Now, if you go around a school looking at the literacy (ies) on display or in process (eg through the pupils' writing) and ask, who owns and controls this stuff? How is this stuff being culturally mediated? What signs are being given off by how this stuff is being displayed or distributed? - you come up with some interesting discoveries. For example, how much of the available literacy on show or in process has come about because of what pupils have chosen, has come about because one or more children have decided that this is what should be on display or in process? And what kind of signs does this power-relationship give off?
I would suggest that very, very little of it is owned, controlled or mediated by pupils. Sometimes it is. And it could be. There can, for example, be systems by which pupils choose books for the library, edit class, school magazines and website, edit 'word walls', choose books and displays for the classroom, poems to put up on the wall, poems to read out in school, books to recommend to other children to read, topics to write about, topics to debate. You can - as many schools do - encourage children to have writing journals that aren't marked and you can encourage the children all the time to make books and get these books into classes and libraries. In this sense, the teacher is an 'enabler' rather than a 'deliverer' of literacy. So, using someone like Paul Johnson's excellent books about 'how to make a book' you can give children ideas and technology in how to make a book. Same goes for enabling the children to have blog magazines or blog stories or blog anythings . It took me less than five minutes to set up this blog, but that's a literacy we would want children to learn how to use, enjoy and benefit from?
Just to repeat - none of the above is an attack or criticism of teachers. As I've tried to say, teachers work within the rules and conventions of literacy that are passed down through the power structure of schooling: Government, Dept for Education, inspectors, exams, local authorities, advisers, headteachers and into classrooms. Daily, I hear stories from classroom teachers about how their view on trying to enable children to take control of literacy is more often than not undermined or overruled by demands that this or that literacy activity or scheme (top-down in 99% of cases) is implemented immediately.
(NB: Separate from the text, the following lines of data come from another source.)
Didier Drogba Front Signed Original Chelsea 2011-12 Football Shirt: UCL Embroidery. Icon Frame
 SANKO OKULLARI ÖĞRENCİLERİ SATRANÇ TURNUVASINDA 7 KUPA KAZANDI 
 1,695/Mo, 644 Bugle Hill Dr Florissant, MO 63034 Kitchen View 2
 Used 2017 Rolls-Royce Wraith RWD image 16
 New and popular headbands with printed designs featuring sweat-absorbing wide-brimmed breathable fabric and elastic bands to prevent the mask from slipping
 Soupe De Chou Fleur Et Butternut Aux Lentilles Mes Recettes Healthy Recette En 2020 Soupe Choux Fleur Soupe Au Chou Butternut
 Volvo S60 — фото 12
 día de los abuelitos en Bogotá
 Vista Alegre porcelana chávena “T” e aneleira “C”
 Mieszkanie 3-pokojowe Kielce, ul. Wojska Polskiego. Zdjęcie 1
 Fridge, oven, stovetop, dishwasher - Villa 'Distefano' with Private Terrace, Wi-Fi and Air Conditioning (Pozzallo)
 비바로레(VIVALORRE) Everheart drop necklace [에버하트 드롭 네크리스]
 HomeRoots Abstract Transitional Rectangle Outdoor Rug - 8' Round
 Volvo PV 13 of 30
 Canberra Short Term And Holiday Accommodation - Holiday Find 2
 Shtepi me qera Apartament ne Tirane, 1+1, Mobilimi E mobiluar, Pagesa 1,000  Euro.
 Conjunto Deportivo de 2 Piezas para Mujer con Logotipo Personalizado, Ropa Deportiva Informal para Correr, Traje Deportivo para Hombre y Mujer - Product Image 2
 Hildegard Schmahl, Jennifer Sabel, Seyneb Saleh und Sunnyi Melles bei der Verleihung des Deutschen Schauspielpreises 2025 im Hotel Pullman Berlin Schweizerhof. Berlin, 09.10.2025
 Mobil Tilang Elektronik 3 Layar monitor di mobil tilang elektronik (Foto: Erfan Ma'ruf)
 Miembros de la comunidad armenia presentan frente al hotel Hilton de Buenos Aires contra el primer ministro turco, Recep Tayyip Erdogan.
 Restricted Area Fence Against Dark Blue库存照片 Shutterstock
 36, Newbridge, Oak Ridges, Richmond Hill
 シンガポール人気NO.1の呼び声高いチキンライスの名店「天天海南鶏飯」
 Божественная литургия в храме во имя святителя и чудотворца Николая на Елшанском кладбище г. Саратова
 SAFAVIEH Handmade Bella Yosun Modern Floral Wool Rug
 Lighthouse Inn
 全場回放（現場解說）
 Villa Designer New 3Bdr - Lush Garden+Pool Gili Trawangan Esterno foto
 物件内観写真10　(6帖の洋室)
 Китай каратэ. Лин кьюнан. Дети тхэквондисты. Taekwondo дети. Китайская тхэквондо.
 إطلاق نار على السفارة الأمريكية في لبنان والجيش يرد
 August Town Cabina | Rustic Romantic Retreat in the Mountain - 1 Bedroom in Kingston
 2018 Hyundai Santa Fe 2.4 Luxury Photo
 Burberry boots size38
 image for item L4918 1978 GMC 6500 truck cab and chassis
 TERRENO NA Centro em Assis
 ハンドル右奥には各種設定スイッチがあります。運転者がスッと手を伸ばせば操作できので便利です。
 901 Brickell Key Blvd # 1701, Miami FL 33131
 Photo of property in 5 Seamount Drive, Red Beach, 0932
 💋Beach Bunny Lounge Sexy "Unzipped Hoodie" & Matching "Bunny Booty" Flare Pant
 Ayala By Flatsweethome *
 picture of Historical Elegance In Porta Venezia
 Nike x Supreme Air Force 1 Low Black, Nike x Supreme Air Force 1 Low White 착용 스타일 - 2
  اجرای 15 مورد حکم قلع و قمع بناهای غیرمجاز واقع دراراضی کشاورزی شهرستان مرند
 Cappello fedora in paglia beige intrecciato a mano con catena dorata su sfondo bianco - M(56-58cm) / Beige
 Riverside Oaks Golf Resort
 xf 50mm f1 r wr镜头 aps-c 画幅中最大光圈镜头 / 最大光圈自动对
The irony is that most of the tasks in top-down literacy activities eg comprehension, grammar and punctuation exercises, spelling tests - can be enacted within the editing processes of producing text for other people to read. That's as it is with real production of texts in the real world. So, if you're producing a pupil-based word-wall, a blog, a book, a magazine or whatever, these texts have to be edited. You can rotate editing jobs in such a way as to involve children who find that task difficult but team them up with children who find it easier. Texts can circulate prior to 'production' around a group or a class until they're right. That way 'correctness' is also owned and controlled by the pupils. They're getting it right for a purpose - that a wider audience might want to read it and will find it easier to read in edited form.
Even punctuation, spelling and 'grammar' are culturally mediated and we want pupils to own that stuff too. That's how to do it.